*PROBLEM DETAILS:*
Verbatim copy, pictures excluded: every line from the one with "landlord building insurance" through the final line of the data below, and no other line.

---------------

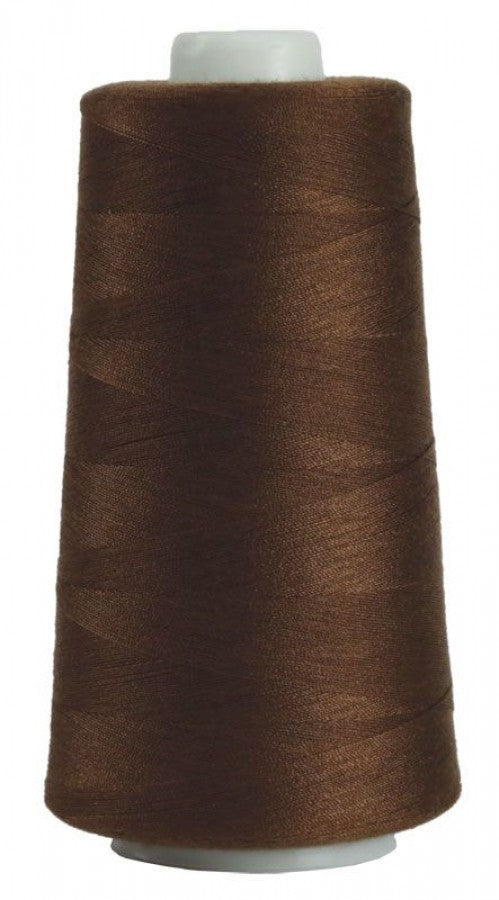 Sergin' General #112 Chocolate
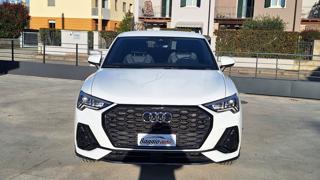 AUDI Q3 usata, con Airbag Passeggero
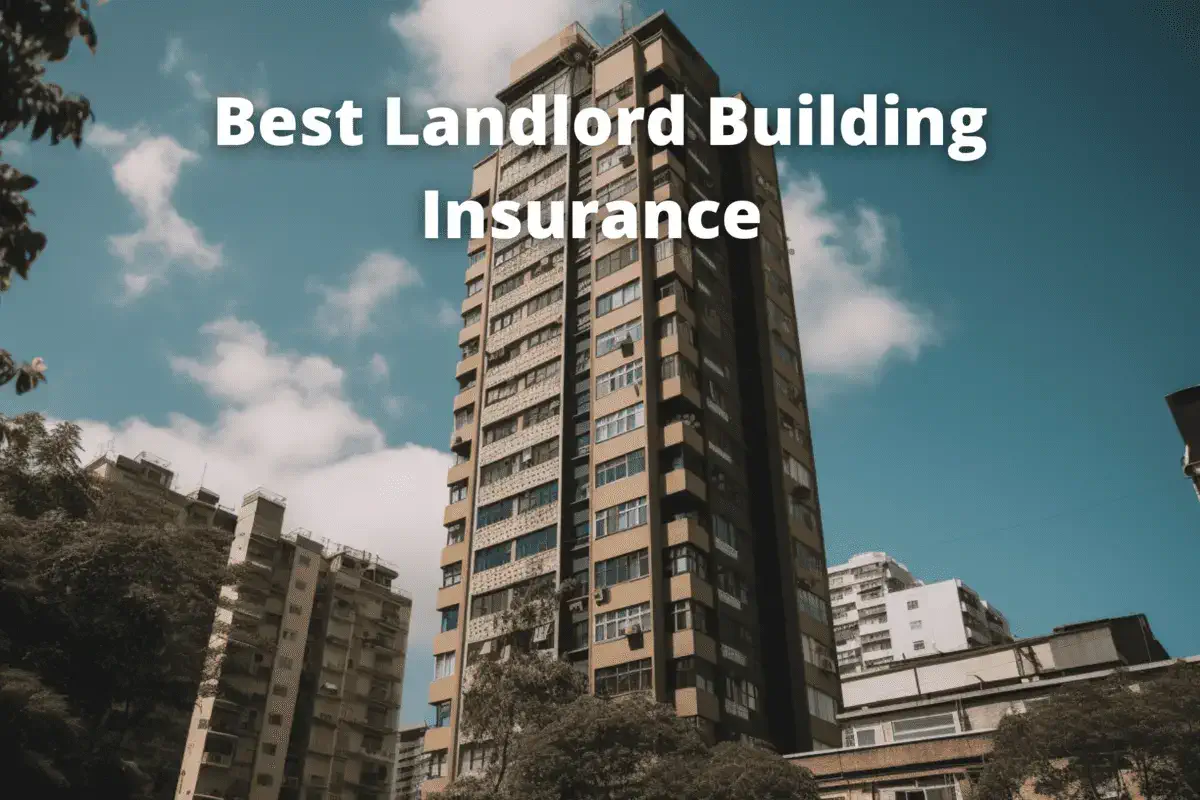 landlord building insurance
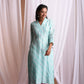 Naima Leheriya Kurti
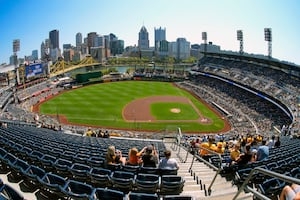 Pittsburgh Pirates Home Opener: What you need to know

---------------

*ANSWER TO THE PROBLEM:*
 landlord building insurance
 Naima Leheriya Kurti
 Pittsburgh Pirates Home Opener: What you need to know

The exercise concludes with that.